Steve and I were sitting quietly on a random Tuesday near the end of his life when he told me:
Life is like a roller coaster, but not in the way you think I mean that. At any specific point in your life if you ask yourself, “Am I happy? Am I enjoying myself?” The answer is usually no. You have work, and kids, and relationships, and a house to keep up and people who are depending on you.
Life, it’s like riding the roller coaster. If you are standing in line and you ask yourself, “Am I happy?” The answer is no; because you are not on the roller coaster, you are waiting and a lot of life is about waiting.
When you finally get on and the roller coaster starts, if you ask yourself, “Am I happy?” The answer is no; because you are terrified. A lot of life is about being terrified.

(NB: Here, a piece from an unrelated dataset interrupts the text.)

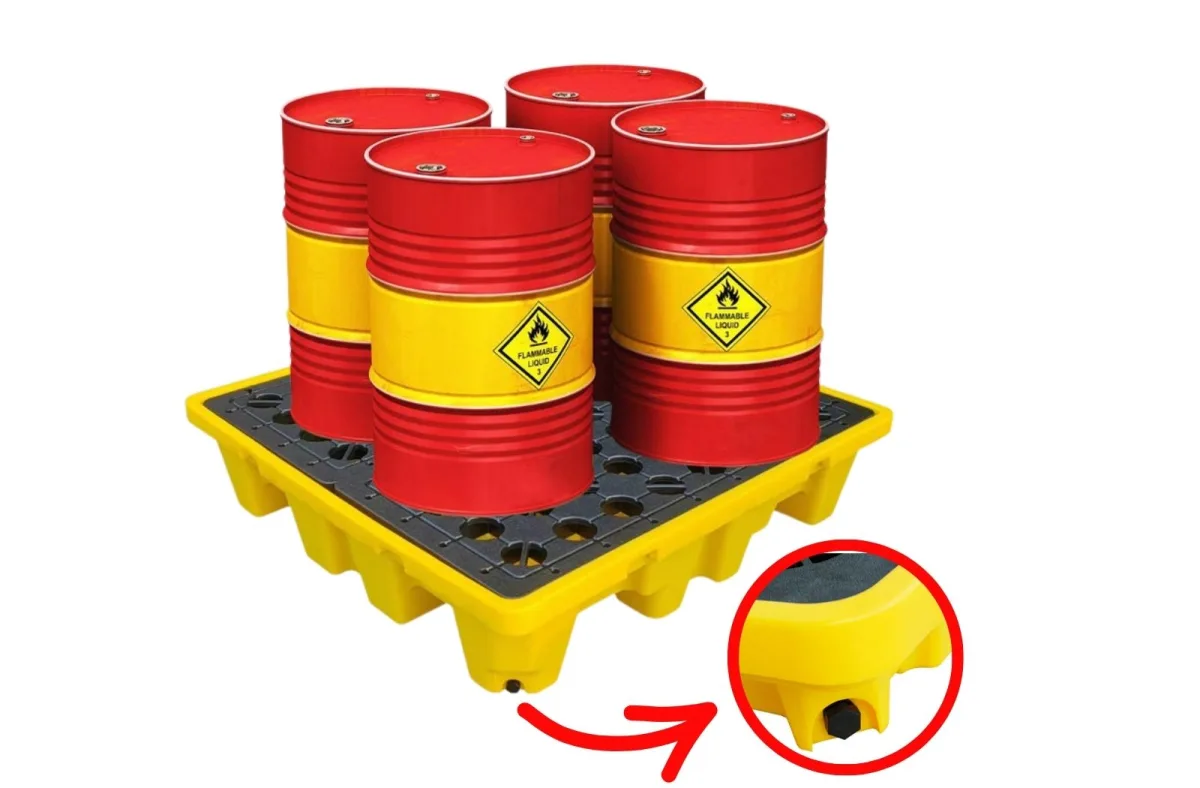 Van xả đáy tiện lợi giúp dễ dàng thu gom hóa chất tràn, đảm bảo vệ sinh.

When you get off the roller coaster if you ask yourself, “Am I happy?” The answer is no; because you are not on the roller coaster. A lot of life is thinking about experiences once they’re over.
But. If instead of dwelling on a past you don’t have anymore, if instead you look at the whole experience, the whole thing-beginning to end, and you ask yourself “Am I happy?” The answer is yes! Because you rode the roller coaster.

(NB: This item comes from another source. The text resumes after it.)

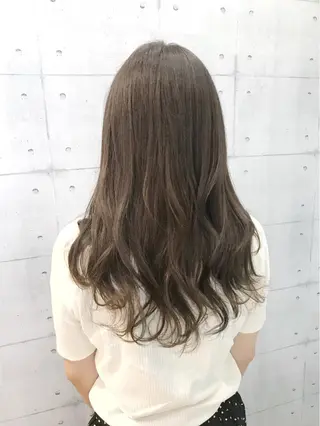 ロング カラー 高木 麻知子のヘアスタイル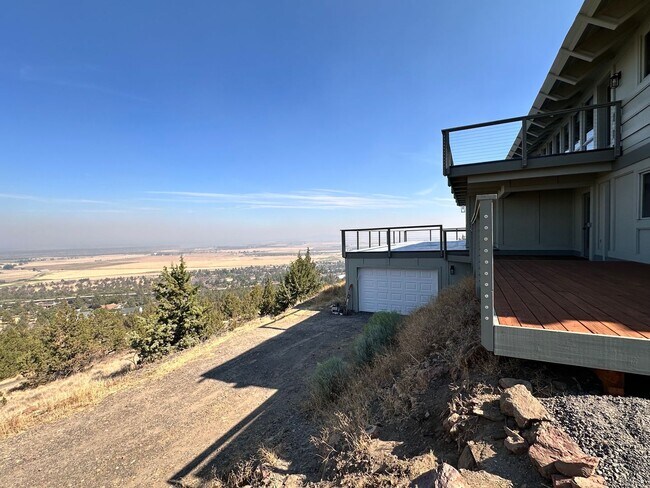 Building Photo - 10747 SW Mintken Ln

Now, if I was to ask myself “Am I happy?” No, of course not, I’m dying. I’m leaving my family, and my career, and my friends, and my home. But if I step back and look at it all, what do I see? I have a family I will miss, and a career I loved, and dear friends and a home. Even the bills I have had to pay show that I had opportunities and was surrounded by benefits some people in this world could only dream of.
So, when I get off this ride I want my last thoughts to be “wasn’t it great to ride the roller coaster,” and I can walk away knowing I am happy.
Dr. Steven Timothy
My oldest son was born a few days after Steve died. His middle name is Timothy.

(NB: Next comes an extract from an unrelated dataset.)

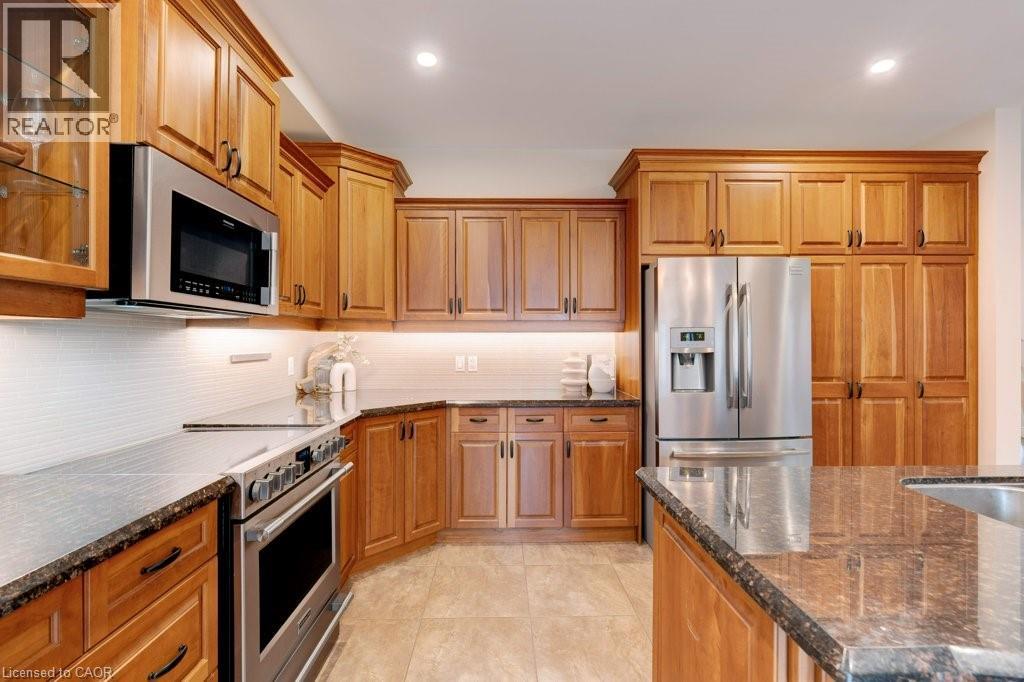 Photo 18 of 47 Premier Road, Hamilton ON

I teach a course called Professional Issues in Interpreting. It’s a skills class but the skill is how to live as an interpreter. We cover topics like: resumes, setting up your own business, taxes, negotiation, contracts, invoices, finding jobs with government agencies, state and federal contracts, pros and cons of referral agency vs. independent vs. consortium, panel discussions on an interpreter’s relationship with the Deaf community… and stress and vicarious trauma and perspective and happiness.
Happiness is important for this class. As important as any other lesson in interpreting. Because, as interpreters I think some of us, well, all of us at one time or another, do what we do to prove that we have worth. We serve others as a way of helping ourselves, maybe even fixing ourselves. I have said–in a gallows humor way–that interpreters tend to be trying to fix something that is broken, but are always looking in the wrong place for the break.
If you will forgive me a bit of an affront–this may be too egotistical even for me (and that my friends is saying something!) I would like to add to the words of David Foster Wallace:
Uncle Dale’s addition to Mr. Wallace…Worship your skills and abilities as an interpreter, if it becomes what you are, you will always be afraid of failing at the next appointment, you will always fear and resent the interpreter who is “better than you”, always be afraid of getting ‘caught’ and labeled a fraud.
p.s. There is ALWAYS an interpreter who is “better” at this than you.
I have never met an interpreting student or professional that needed to look for their worth anywhere outside of their own skins. It comes factory installed.
The very best interpreters have stopped trying to attach their happiness to how skilled they are, and they interpret for the love of the work, and the beauty of the language and the thrill of the challenge. They are passionate, they are driven, they are stressed, they are unsatisfied with the status quo and seeking ever seeking improvement, but only for the sake of being better at what they do; because who they are is… happy.